Copy only those lines which run from the line containing "Flova STR8 3-Way" to the end of the entries below, both inclusive, exactly as written and with no pictures.

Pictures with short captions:
--- START ---

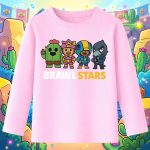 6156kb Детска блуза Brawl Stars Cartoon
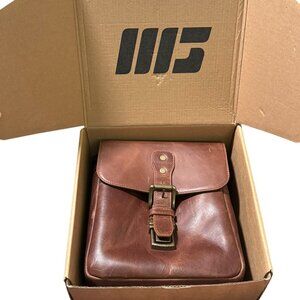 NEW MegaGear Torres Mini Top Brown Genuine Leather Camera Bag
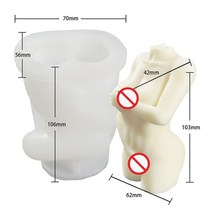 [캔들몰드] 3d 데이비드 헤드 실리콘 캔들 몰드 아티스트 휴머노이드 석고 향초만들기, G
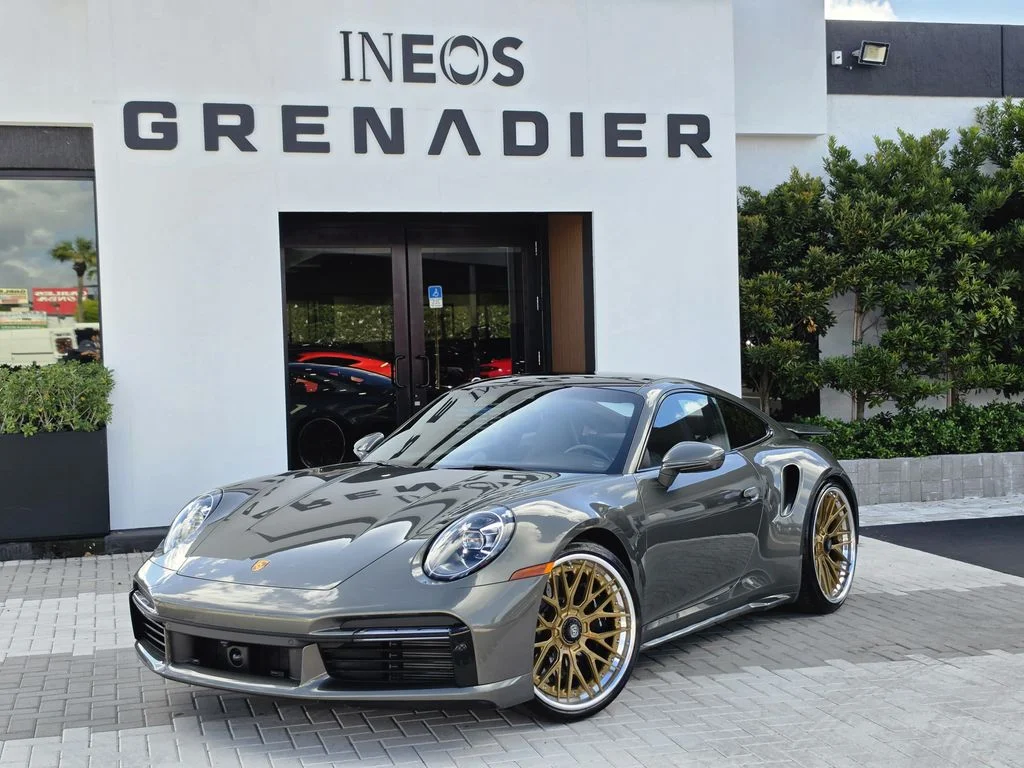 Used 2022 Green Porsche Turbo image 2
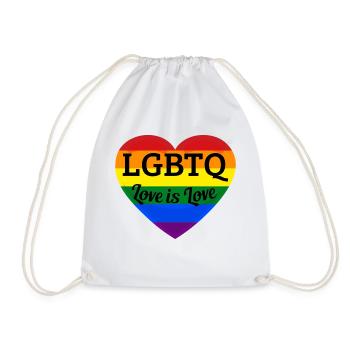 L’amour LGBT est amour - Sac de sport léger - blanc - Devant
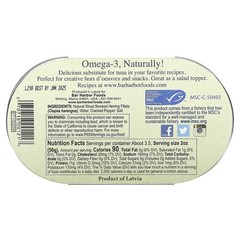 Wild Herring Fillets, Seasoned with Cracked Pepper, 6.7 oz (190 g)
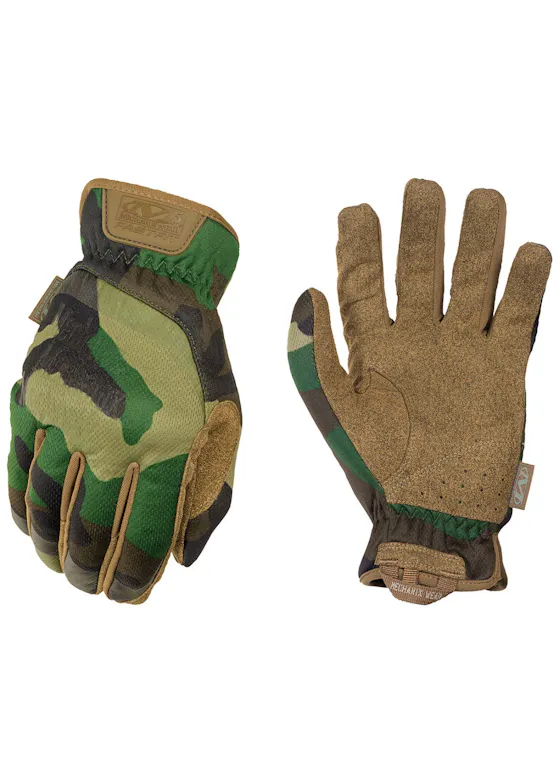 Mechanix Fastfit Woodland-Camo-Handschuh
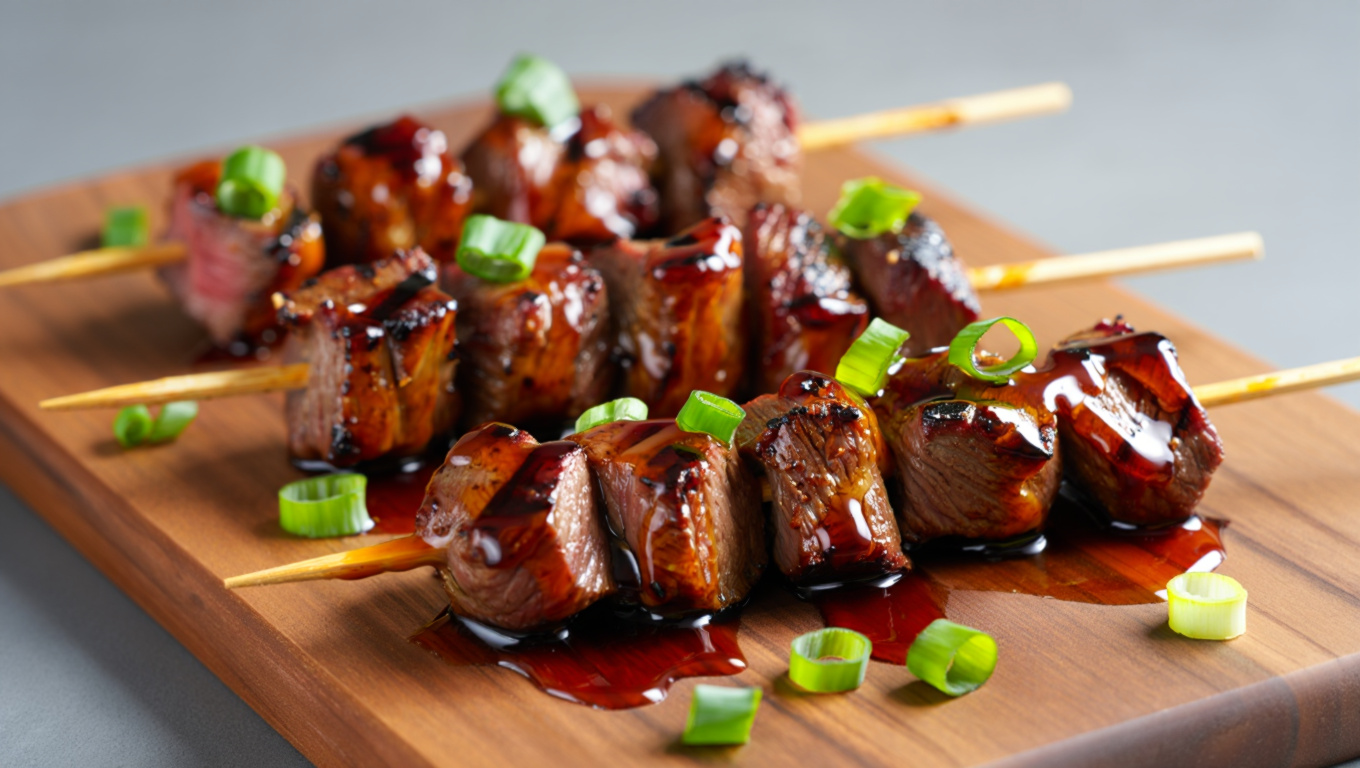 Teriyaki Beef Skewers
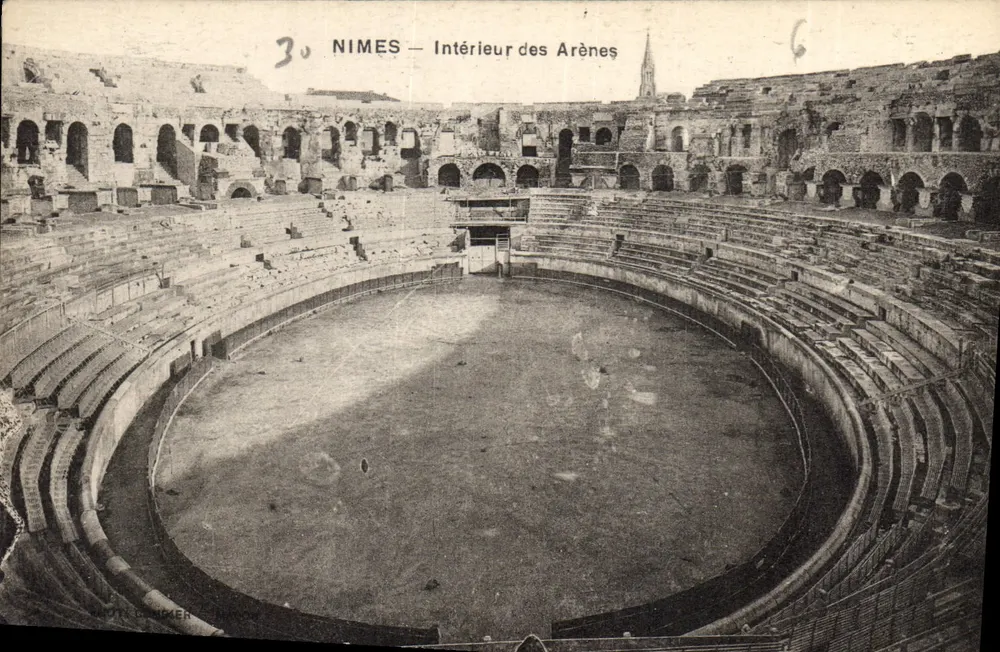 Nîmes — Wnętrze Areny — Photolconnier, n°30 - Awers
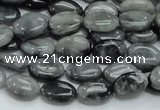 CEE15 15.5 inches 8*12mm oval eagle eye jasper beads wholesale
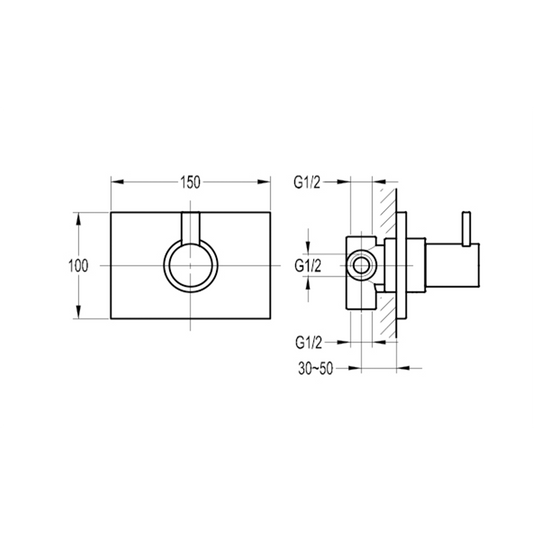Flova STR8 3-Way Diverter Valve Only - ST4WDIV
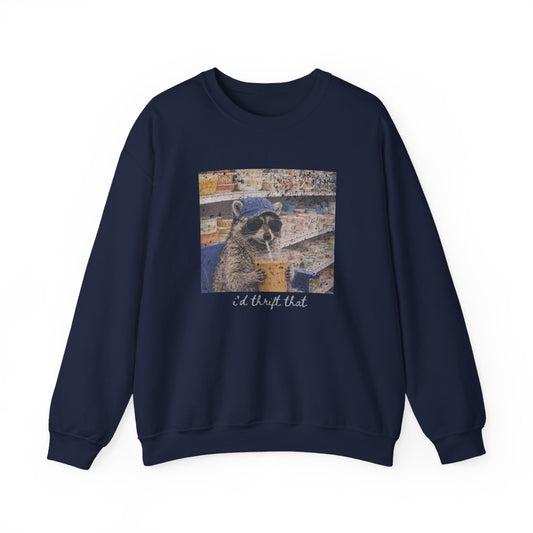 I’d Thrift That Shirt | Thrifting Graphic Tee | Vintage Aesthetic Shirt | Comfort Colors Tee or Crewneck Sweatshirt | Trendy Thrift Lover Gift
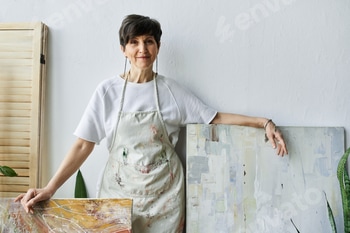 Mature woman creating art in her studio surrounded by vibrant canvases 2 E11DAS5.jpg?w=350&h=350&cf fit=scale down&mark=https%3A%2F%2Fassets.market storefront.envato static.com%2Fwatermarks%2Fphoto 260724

--- END ---

> Exercise output
Flova STR8 3-Way Diverter Valve Only - ST4WDIV
 I’d Thrift That Shirt | Thrifting Graphic Tee | Vintage Aesthetic Shirt | Comfort Colors Tee or Crewneck Sweatshirt | Trendy Thrift Lover Gift
 Mature woman creating art in her studio surrounded by vibrant canvases 2 E11DAS5.jpg?w=350&h=350&cf fit=scale down&mark=https%3A%2F%2Fassets.market storefront.envato static.com%2Fwatermarks%2Fphoto 260724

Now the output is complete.